His victims and enemies provide the vibrant counterforce in the drama, empowered by Condon’s supporting, exceptionally chosen cast. C. Thomas Cunliffe is a ringing Joseph N. Welch (who delivered the famous retort, “Have you no shame , sir?”); Loren Farmer switches from an imposing Sen. Benton to a mousy William Mandell; Peter Henry Schroeder creates brief portraits of noble victims (a senator and brigadier general); David Selburg’s Sen. Hennings and Henry Jackson (as well as a wonderful Republican convention announcer) solidify the production’s verisimilitude.

McCormick’s Jean Kerr does not, which creates real difficulties when she faces off against Cohn for Joe’s ear and confidence. In McCormick’s currently unstable hands, Jean doesn’t have a chance against Cohn’s tempests; in Seymour’s brilliant hands, Cohn is a living terror.

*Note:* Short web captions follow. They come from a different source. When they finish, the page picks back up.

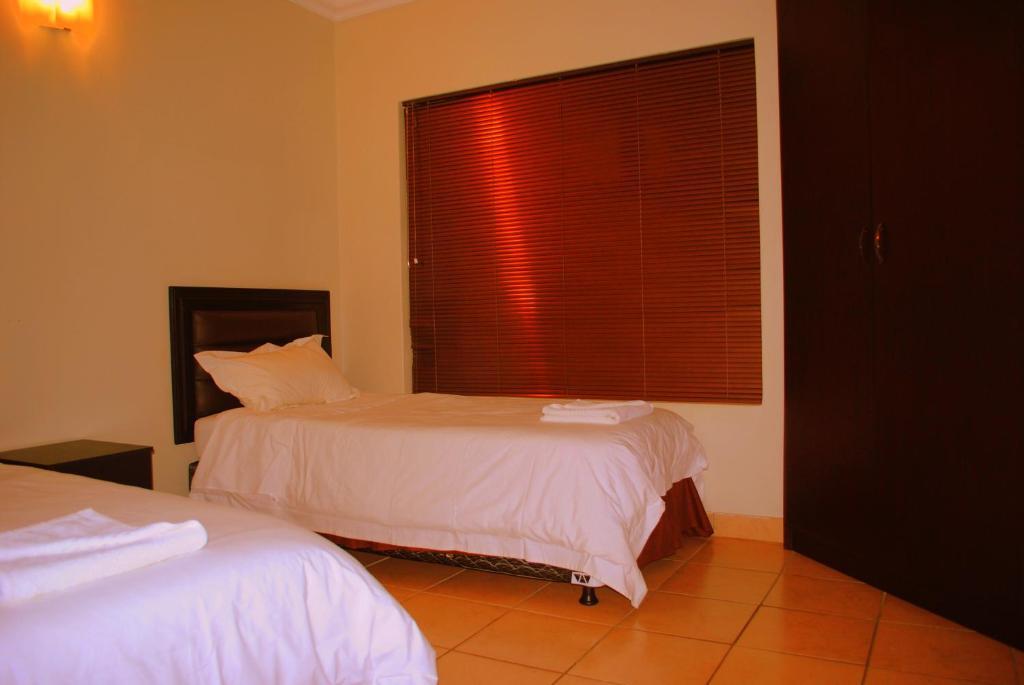Palm Valley Inn And Day Spa Хартбееспоорт Екстериор снимка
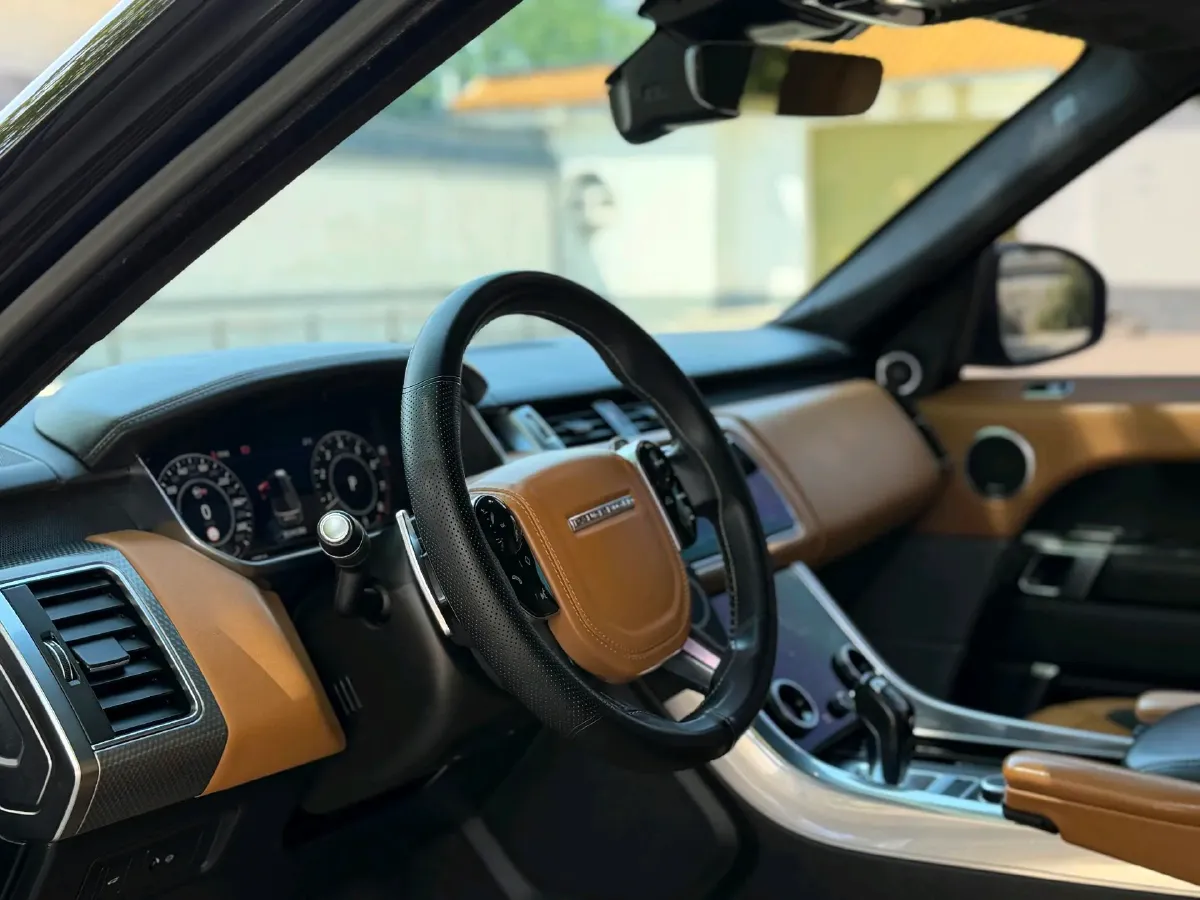 2018 Land Rover Range Rover Sport 3.0T 340HP V6 8AT,autocango,china used car exporter,china ev exporter,chinese used car exporter,chinese used ev exporter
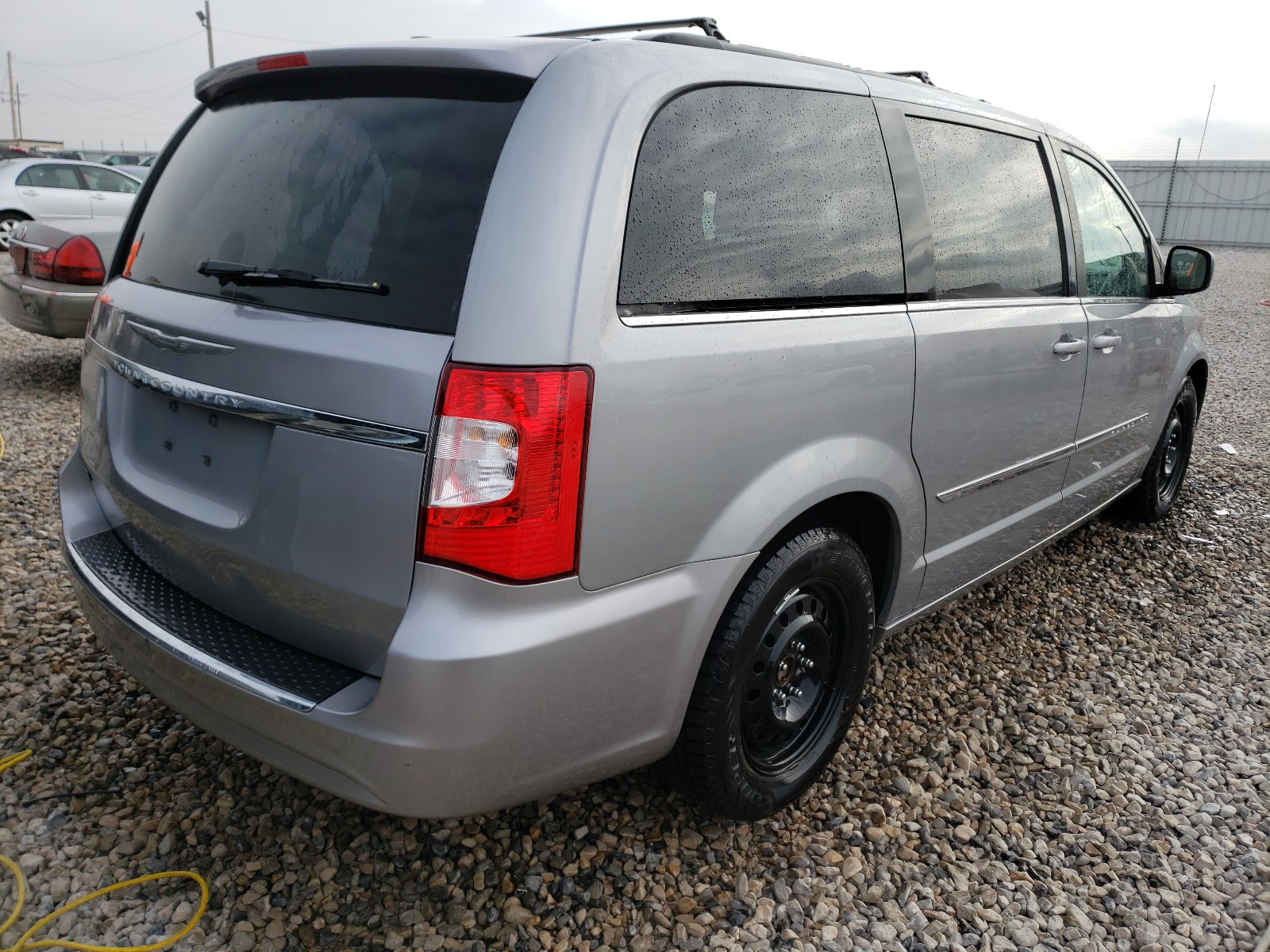 Photo 3 VIN: 2C4RC1BG6ER358828 - CHRYSLER TOWN &AMP COU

McCarthyism fed a multimedia spectacle, artfully seen here through both Christa Bartels’ set of courtroom furniture juxtaposed against ceiling-to-floor displays of newspaper images, and Vincent Landay’s meticulous sound design and slide displays (don’t miss Landay’s witty snippets of period tunes). Martha Ferrara’s costumes are pure Beltway, and Doc Ballard’s lighting makes a small stage seem larger. It’s an illusion Joe McCarthy might have enjoyed.